JBLM service members climb into derailed train cars, rescue victims

From left to right: U.S. Army Second Lieutenant Robert McCoy, Major Mike Livingston, Lieutenant Colonel Chris Sloan

When driving home from physical training, U.S. Army 2nd. Lt. Robert McCoy saw a train go off its rails and plunge onto Interstate 5 – just 10 miles from Joint Base Lewis McChord.

All but one of the train’s 13 cars derailed with several dangling into rush hour traffic, hitting two semitrucks and five cars. People were out of their vehicles, some calling loved ones and some injured.

“They were directly below … and with the hanging part of the train, my first concern was, if this falls, it’s going to fall directly on these individuals, so I went to these individuals, seeing what condition they were in,” McCoy said.

He directed people away from the overpass, as another service member – who also ran from his vehicle  to the derailment – went from car to car asking people if they were hurt.

Image: Chopper 7

When he learned that those people were moving, Major Mike Livingston went to the train.

“I went to the locomotive and knocked on the door … I said, ‘Are you guys OK,’ and they said, ‘yes,’”  Livingston recalled. “I went back to the dangling train car, I saw Lt. McCoy scale up the back of the semitrailer like Spider Man, so I thought I would go the same way.”

Livingston made it into the train and found a woman shaken up. Her husband and 8-year-old daughter were trapped in the bathroom.

The woman’s mother was also on board with a broken collarbone. McCoy helped bring the injured woman to safety as Livingston talked to the father.

“Superman here [McCoy] got in as I was trying to open the door,” Livingston said. “[McCoy] started banging the door so hard I thought he was going to break his kneecap. That door would not budge, trying to get that father and daughter out.”

The father and daughter were OK, but the two service members did not have the tools to open the door; later emergency crews would come to their aid.

While the first responders started to arrive on scene, McCoy and Livingston created a system to get other people off the train cars.
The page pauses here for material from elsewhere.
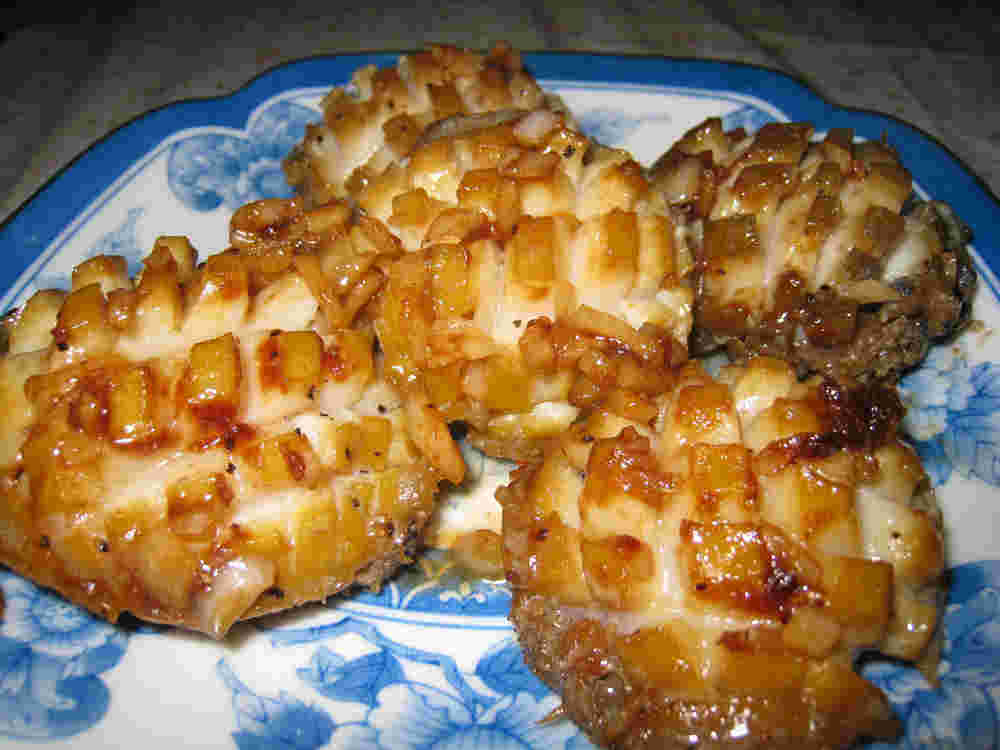 あわびのにんにくバター焼き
That’s when Lt. Col. Chris Sloan came aboard, saw McCoy in a physical training uniform, and introduced himself. Sloan had seen the crash while driving and climbed the semi like a ladder to get onto the train cars.

“They weren’t going to depart each others’ sides. It was very important that they were together,” said Sloan. “All we could see was her hip and a broken leg. We talked to her, we pulled her out, inch by inch, until we could get her to sit up. Then she took a breath and said, ‘I’m going to be OK.’”

The woman was well enough to walk on one leg, but because of how the train lay, three people had to help her.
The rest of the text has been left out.